You should feel fine writing multiple returns if it's clearest to you and your team. Multiline ternary operators can be an eyesore and there doesn't appear to be a way to move the ternary inside the function call.

8
  • 1
    Actually this rule also applies to modern languages. The reason returning to different places is an issue is because those places would all need to know what resources you've allocated that now need to be deallocated. Yuck. Do that in one place. It's why we have finally blocks. Stick as many return keywords as you like in a try with a finally block and your method still only has one exit point. The rule is a good rule. But only if you understand what it's about. Early returns are fine so long as you have some way to deal with this issue. Oct 1 '19 at 1:09
  • 1
    You can have multiple try-finally sequences in a function if you want to release some resources before acquiring a different set. That still achieves the real goal of cleaning up resources, but allows the function to have multiple exit points. Oct 1 '19 at 1:14
  • 2
    Yes, you can also get away with this by simply not allocating any resources. The point is to design code that can be maintained by those who come later who have to allocate some resources and would like to deallocate without having to completely rewrite the method. Having one place to do deallocation is nice. Using a design that makes it easy to construct that one place is nice. Spare us maintenance programmers a little thought please? Oct 1 '19 at 1:21
  • 1
    @candied_orange: using try-finally does not require a "complete rewrite", that is an exaggeration. And a function which does not allocate any resources is turned into one which does, it is usually necessary to change some bits and pieces.
    – Doc Brown
    Oct 1 '19 at 3:54
  • @DocBrown read what I actually said again. I'm asking you to consider a design that allows us to add a try finally, without a complete rewrite of the function. That's why I said use of multiple return statements can be ok. Just don't assume every possible design is ok so this rule can be ignored today. Some designs cause a need for a complete rewrite of the function on this exact issue because they don't allow creation of a single place to go to clean up. If you write long functions that make adding try finally difficult, you're ignoring maintenance needs. Oct 1 '19 at 9:51
5

First code is meant to be read. If the code is hard for you to read, then even if millions of other people are quite happy reading the code, something is still wrong. Whatever you do choose to go with, it should be ledgeable to you first.
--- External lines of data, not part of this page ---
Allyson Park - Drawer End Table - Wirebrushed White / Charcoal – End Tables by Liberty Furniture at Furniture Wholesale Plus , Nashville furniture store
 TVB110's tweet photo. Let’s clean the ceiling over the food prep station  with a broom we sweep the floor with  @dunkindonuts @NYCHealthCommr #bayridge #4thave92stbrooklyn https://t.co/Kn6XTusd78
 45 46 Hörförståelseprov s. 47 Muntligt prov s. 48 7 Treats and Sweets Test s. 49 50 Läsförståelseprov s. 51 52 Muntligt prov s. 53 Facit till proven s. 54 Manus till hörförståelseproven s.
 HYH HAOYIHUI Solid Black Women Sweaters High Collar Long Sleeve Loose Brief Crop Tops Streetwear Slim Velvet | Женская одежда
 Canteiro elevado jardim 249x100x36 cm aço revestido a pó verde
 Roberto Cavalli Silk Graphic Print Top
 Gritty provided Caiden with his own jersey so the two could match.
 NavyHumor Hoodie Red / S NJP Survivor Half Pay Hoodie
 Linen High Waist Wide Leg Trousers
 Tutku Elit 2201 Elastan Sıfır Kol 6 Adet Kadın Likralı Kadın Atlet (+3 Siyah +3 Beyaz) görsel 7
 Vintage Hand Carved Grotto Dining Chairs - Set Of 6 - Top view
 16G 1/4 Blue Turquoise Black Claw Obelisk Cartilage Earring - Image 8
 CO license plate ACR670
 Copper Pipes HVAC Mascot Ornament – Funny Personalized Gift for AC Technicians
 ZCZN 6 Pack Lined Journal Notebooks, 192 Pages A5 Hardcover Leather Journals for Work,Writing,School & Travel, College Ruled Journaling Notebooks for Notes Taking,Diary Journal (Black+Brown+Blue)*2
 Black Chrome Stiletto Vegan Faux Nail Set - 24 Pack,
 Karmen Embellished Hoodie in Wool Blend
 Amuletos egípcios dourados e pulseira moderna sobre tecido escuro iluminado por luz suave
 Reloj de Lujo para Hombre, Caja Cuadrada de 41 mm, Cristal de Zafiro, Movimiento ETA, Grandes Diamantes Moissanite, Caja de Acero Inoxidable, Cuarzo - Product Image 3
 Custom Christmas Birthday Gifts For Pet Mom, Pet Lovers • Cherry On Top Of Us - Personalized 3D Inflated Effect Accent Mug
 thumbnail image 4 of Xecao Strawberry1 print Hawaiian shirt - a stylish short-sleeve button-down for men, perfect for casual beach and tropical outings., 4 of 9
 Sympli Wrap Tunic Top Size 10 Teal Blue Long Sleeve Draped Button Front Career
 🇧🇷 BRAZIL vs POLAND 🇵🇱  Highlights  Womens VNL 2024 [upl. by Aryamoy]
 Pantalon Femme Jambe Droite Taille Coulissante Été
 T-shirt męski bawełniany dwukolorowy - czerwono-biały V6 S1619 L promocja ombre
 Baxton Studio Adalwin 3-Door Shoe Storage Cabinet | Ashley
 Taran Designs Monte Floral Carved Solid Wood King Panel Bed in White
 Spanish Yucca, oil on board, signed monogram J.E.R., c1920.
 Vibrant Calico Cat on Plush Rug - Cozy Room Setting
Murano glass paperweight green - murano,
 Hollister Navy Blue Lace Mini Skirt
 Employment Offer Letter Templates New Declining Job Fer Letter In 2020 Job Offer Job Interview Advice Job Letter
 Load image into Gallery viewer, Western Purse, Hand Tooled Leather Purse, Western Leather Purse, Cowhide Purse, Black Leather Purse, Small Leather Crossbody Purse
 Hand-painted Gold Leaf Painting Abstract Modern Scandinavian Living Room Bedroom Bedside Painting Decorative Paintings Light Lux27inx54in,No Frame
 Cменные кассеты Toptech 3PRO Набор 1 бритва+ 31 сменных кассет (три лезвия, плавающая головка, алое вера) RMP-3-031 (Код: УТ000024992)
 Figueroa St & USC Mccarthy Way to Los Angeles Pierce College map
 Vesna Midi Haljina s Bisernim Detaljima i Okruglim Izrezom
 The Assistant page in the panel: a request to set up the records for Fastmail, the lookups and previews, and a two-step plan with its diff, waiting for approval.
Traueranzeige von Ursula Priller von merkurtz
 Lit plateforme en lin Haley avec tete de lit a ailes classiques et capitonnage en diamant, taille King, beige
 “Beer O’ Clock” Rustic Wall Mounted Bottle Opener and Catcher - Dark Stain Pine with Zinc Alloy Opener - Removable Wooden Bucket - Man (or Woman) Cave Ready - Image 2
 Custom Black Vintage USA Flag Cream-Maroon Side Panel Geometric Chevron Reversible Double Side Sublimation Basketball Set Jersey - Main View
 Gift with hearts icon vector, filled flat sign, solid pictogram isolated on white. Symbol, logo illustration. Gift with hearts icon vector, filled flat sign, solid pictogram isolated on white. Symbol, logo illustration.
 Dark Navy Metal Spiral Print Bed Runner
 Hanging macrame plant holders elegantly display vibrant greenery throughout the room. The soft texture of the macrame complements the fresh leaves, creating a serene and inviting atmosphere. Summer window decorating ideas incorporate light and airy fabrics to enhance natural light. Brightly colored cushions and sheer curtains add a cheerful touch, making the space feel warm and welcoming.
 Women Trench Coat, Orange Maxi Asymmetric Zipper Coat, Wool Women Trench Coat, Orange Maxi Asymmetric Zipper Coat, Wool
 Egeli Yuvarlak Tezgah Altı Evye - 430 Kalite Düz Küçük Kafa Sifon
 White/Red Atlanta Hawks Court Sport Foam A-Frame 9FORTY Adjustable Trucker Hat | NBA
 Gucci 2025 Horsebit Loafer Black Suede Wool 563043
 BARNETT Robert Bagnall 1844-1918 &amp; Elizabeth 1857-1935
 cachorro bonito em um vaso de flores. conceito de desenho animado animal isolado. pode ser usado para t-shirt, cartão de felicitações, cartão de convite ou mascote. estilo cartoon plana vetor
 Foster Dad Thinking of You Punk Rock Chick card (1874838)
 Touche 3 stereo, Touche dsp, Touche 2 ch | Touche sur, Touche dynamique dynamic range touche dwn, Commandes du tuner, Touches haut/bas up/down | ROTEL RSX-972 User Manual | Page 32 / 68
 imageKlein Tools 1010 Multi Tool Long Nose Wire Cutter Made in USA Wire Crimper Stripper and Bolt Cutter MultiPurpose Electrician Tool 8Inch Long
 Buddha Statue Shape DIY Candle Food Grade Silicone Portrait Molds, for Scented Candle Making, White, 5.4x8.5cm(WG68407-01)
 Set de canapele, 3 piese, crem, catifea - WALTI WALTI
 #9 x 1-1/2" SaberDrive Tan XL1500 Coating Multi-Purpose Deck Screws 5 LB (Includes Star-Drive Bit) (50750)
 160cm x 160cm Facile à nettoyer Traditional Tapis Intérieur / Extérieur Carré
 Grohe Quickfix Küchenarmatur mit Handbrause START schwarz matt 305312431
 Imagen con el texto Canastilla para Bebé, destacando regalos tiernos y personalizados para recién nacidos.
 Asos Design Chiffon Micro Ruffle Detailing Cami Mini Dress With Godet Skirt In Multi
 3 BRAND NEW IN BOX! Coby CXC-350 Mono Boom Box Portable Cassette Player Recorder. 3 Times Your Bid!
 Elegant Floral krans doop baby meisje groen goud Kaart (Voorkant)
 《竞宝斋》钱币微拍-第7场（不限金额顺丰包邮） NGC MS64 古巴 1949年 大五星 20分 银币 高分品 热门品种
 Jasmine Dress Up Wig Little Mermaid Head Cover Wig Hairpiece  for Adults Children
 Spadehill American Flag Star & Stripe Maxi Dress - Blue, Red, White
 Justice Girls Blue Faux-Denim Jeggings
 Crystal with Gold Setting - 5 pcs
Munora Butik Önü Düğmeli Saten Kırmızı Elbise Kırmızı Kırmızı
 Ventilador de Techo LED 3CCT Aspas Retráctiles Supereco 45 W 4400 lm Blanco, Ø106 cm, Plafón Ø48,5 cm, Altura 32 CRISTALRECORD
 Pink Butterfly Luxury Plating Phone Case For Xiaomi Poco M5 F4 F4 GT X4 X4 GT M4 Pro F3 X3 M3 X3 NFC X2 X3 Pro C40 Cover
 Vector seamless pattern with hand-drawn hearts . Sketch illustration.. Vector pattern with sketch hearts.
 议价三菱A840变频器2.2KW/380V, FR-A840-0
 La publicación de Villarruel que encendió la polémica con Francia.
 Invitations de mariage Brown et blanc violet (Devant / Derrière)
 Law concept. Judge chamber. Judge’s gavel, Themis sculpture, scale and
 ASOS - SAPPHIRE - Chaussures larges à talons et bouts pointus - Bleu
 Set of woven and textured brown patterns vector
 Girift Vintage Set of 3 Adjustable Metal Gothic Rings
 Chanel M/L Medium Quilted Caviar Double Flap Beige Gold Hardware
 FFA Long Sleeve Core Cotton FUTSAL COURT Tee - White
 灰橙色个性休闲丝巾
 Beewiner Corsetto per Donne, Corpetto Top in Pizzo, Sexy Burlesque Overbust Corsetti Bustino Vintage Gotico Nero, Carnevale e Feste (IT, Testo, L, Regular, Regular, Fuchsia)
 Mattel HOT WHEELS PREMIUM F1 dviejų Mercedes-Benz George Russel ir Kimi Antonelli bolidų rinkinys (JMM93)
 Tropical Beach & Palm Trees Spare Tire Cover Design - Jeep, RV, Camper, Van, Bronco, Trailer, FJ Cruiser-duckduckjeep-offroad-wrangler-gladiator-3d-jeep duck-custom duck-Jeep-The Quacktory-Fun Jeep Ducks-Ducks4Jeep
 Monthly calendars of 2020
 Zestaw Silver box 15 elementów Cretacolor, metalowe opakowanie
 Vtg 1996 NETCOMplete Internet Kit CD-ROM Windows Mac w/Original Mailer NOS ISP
Second, RuboCop and all of the other style systems are formulaic. A lot of good code uses those same layouts and conventions that have been distilled into those formulas. But so does a lot of bad code. Just following those formulas turnkey will not necessarily make good code, just help you avoid some well known sources of bad code.

Third, Good code is prose. It is words and symbols that explain themselves as much by their content as by their layout. You yourself can see that in your own analysis. You intuitively know that the first and second examples communicate with you better than the if expression, or the ternary operator.

To avoid the problem above, stop adhering to styling advice blindly. Particularly when it reduces the simplicity or clarity of the code. This also means that RuboCop must be demoted to an advisory tool, it should not ever be used as a quality gate (in so far as its styling capacity). It is simply an aid to highlight code that could use some communication polish.